量子情報科学技術(QIST)は、情報の収集・処理・伝送の方法に革新をもたらす可能性のある重要な新興分野であり、バイデン政権の優先事項となっている。QISTには多くの潜在的な社会的利益があり、過去10年間、多くの国や地域がQIST事業強化に向けた集中的な取り組みを開始してきた。これら取り組みの進展により、QISTへの世界的参加が拡大し、国際協力の重要性が高まっている。米国は何十年にもわたってQISTに係る国際協力を支援してきたが、国際的な関与を活用し、米国のQIST優先事項を前進させるために、より有利な立場に立つためのアプローチを調整・強化する機会が存在する。相互利益をもたらし、科学的探究、共通の価値観、経済的約束に基づく相互交流への国際的な取り組みに引続き集中すべきである。
これにより、イノベーションが加速し、サプライチェーン・市場への強固なアクセスが促進され、国際社会におけるQIST関連の原則、政策、効果的な実践の発展がもたらされる。特に、実務家間の国際協力は効果的であり、共通利益や協力関係を見極めるためのバックボーンとして機能する。
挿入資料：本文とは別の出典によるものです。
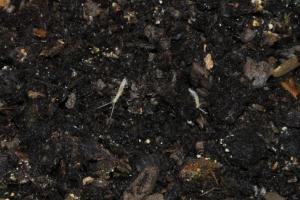 月季盆土里有小白虫怎么办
本分野の専門家は、科学ワークショップや科学者・専門家の流動性など既存のメカニズムによって、機会を特定し、行動するのに最適な立場にある。こうした国際協力の伝統に立脚し、優先事項の検討、追加メカニズムの活用、共同研究プロジェクトの確立、発見を促進する新しいアプローチの試験的実施、必要に応じた協力の具体化を行う機会があり、これらは全て発見・イノベーションを促進する。
現在、効果的な国際協力の発展を複雑化する課題として、技術的能力、科学的・戦略的優先事項、資金調達システム等の多様なトピックに関する海外パートナーとのミスマッチ等がある。また、米国では国際的な協力要請が増加しており、効果的な調整や優先順位付けを行っていかないと、進行中の取り組みへの集中が阻害される可能性がある。
本報告書は、これら主要課題と関連するギャップを特定し、米国が幅広い国際的パートナーとの間で有益かつ機敏な協力関係を育む体制を整え、QISTの基盤的知識、イノベーション、可能性を前進させる、以下の行動を推奨している。
1. 米政府は、QISTに係る国際的な協力・協働への資金提供に特化した長期的メカニズムを創設すべき。
2. 各省庁は、QISTへの国際的取組に係る米国政府全体の統合ポートフォリオを強化するため、国際協力の実践に関する省庁間調整を強化すべき。
3. 米政府は、QISTとその実現のための技術における国際競争力の指標を確立し、モニターすべき。これら推奨事項は、NSTCの「量子情報科学の国家的戦略概要」、「量子情報科学における国際人材の役割」の2レポート、および国家量子イニシアチブ(NQI)諮問委員会の NQI刷新に関するレポートの推奨事項に立脚している。これら取り組みの総合的推進により、米国政府は同盟国・パートナーと緊密に連携しながら、科学の厳密さと研究の公正性、調査の自由、メリットに基づく競争、開放性、透明性を支える原則を反映したQISTのグローバルな環境を構築することができる。